Senet, the wife, holds her husband’s hand affectionately, Meat offerings float in the space between them, and a large waterlily, symbol of sweetness and beauty as well as rebirth, floats before her legs.  Her name could be read as ‘the second one’ or ‘sister.’

The final character is a small boy, Montuhotep, who grasps his mother’s hand as he drifts in the space behind her.  Though Senet and Neferher are dressed in linen kilts and wear jewellery, the little boy is naked but for his necklace. His name honours the war god, Montu, and suggests the stele was carved in Upper Egypt, either at Armant or Thebes.

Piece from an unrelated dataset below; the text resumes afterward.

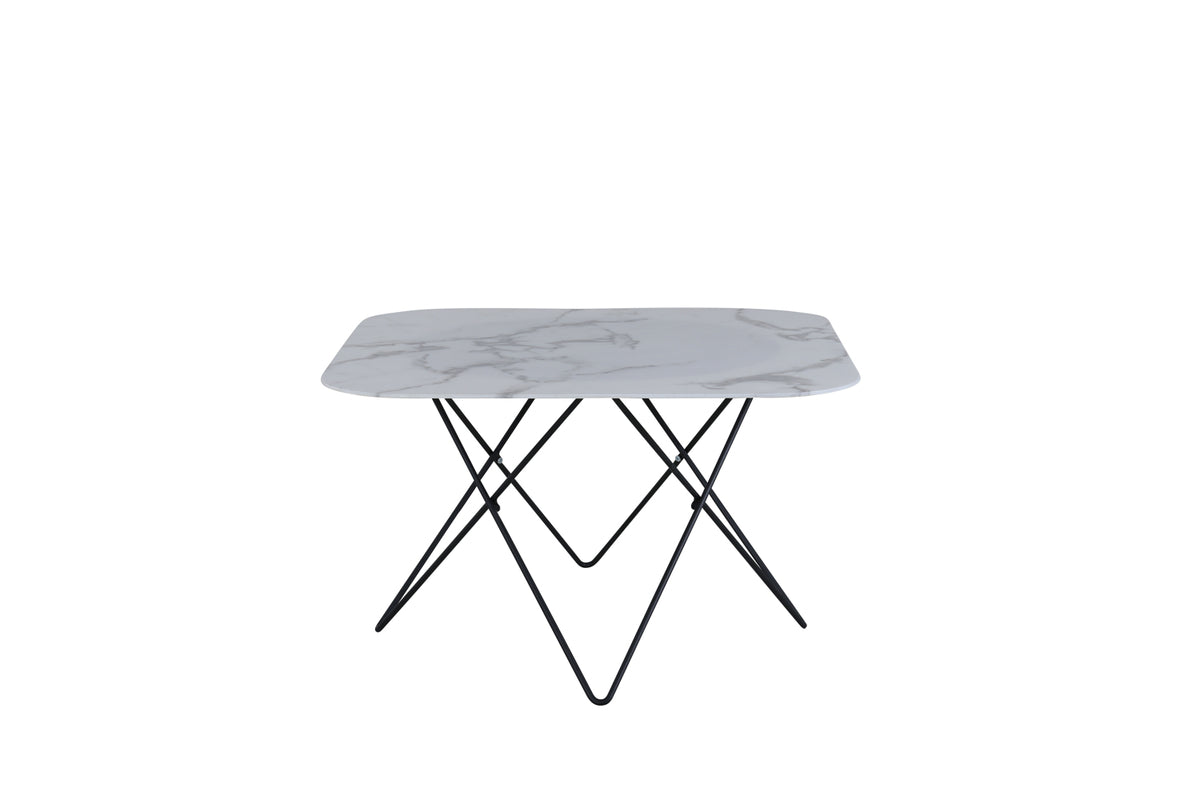 Sofa Table 50 x 80 x 80 White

Although the composition lacks elegance and symmetry, husband and wife do share a ground-line.  Across the top of the stele in an almost straight line is the usual offering formula: “A gift which the king gives (consisting of) bread, beer, beef, fowl, and travertine jars (of ointment) for the ka of the revered one, Nefer-Her; (and) the voice-offerings of bread and beer, beef and fowl for the revered one, his wife, whom he loves, Senet.” Their son’s name is carved above his head.

Such simple stele honour the love and commitment of these ancient peoples to each other, and attest their faith in a future life together.